Shortlist to be announced for International Dylan Thomas Prize 2014

Please note, this page has been archived and is no longer being updated.

The shortlist for the 2014 International Dylan Thomas Prize, the world’s biggest literary prize for young writers, is to be announced on the evening of Thursday 4 September.

The £30,000 Prize, sponsored by Swansea University, is awarded to the best published or produced literary work in the English language, written by an author aged 39 or under. It celebrates and nurtures international literary excellence across all genres and is open to novels, short stories, poetry and drama.

This year’s Prize is particularly significant as 2014 is the centenary of Dylan Thomas’s birth.

The shortlist announcement will be made in Swansea – the poet’s home town - by musician and radio presenter Cerys Matthews, one of the judges for the Prize.  

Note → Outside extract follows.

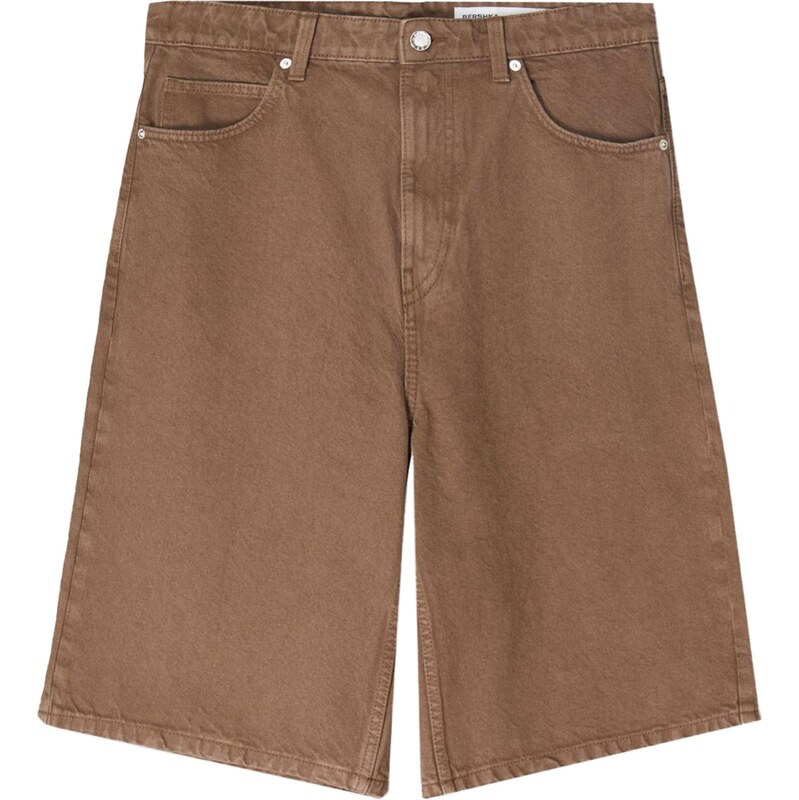 Bershka Džínsy hnedá 63336622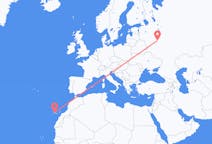 Flyg från Moskva, Ryssland till Teneriffa, Spanien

The event forms part of a major international conference of Dylan Thomas experts, Dylan Unchained, which is hosted by the College of Arts and Humanities at Swansea University.

Cerys Matthews and Peter SteadPicture: Cerys Matthews, one of the judges, and Peter Stead, founder and President of the Prize, with the books on the 2014 longlist.

There are 15 books on the longlist, including works by Welsh poet, author and scriptwriter Owen Sheers, five American authors, an Indian novelist, Glasgow-based Jamaican poet Kei Miller, and crime writer Tom Rob Smith.

Two of the books – The Luminaries by Eleanor Catton, and A Girl is a Half-Formed Thing by Eimear McBride – have won the Booker Prize and the Baileys Women’s Prize respectively.

Dylan Thomas Prize logo

Cerys Matthews, one of the judges, said:

“This year’s long list is truly delicious. It features international works across all genres – poetry, prose and drama – and has attracted young international writers of incredible talent. It is a delight to be part of the judging panel in this centenary year of Dylan Thomas’s birth.”

Peter Stead, founder and President of the International Dylan Thomas Prize, said:

“The prize revels in its international perspective, which reflects the way in which the English language is used by writers around the world. The American fiction on the list varies from Manhattan’s Jewish idiom to the political history of Latin America and the anthropology of the Pacfic islands.

The list also includes a Somali writer reliving the recent violence of her country and an English novel, Mrs Hemingway by Naomi Wood, whose subject is one of America’s greatest writers.

Closer to home, Owen Sheers’ work Mametz gives audiences a vivid glimpse into life and death in the WWI trenches.”

International Dylan Thomas Prize – longlist 2014

  • Daniel Alarcón, At Night We Walk in Circles (Fourth Estate)
  • Eleanor Catton, The Luminaries (Granta)
  • John Donnelly, The Pass (Faber & Faber)
  • Joshua Ferris, To Rise Again at a Decent Hour (Viking)
  • Emma Healey, Elizabeth is Missing (Viking)
  • Meena Kandasamy, The Gypsy Goddess (Atlantic Books)
  • Eimear McBride, A Girl is a Half-Formed Thing (Faber & Faber)
  • Kseniya Melnik, Snow in May (Fourth Estate)
  • Kei Miller, The Cartographer Tries to Map a Way to Zion (Carcanet Press)
  • Nadifa Mohamed, The Orchard of Lost Souls (Simon & Schuster)
  • Owen Sheers, Mametz (National Theatre Wales)
  • Tom Rob Smith, The Farm (Simon & Schuster)
  • Rufi Thorpe, The Girls from Corona del Mar (Knopf (US)/Hutchinson (UK))
  • Naomi Wood, Mrs Hemingway (Picador)
  • Hanya Yanagihara, The People in the Trees (Atlantic Books)

Cerys Matthews with 2014 Dylan Thomas longlist

The winner will be unveiled at a gala dinner in Swansea in November.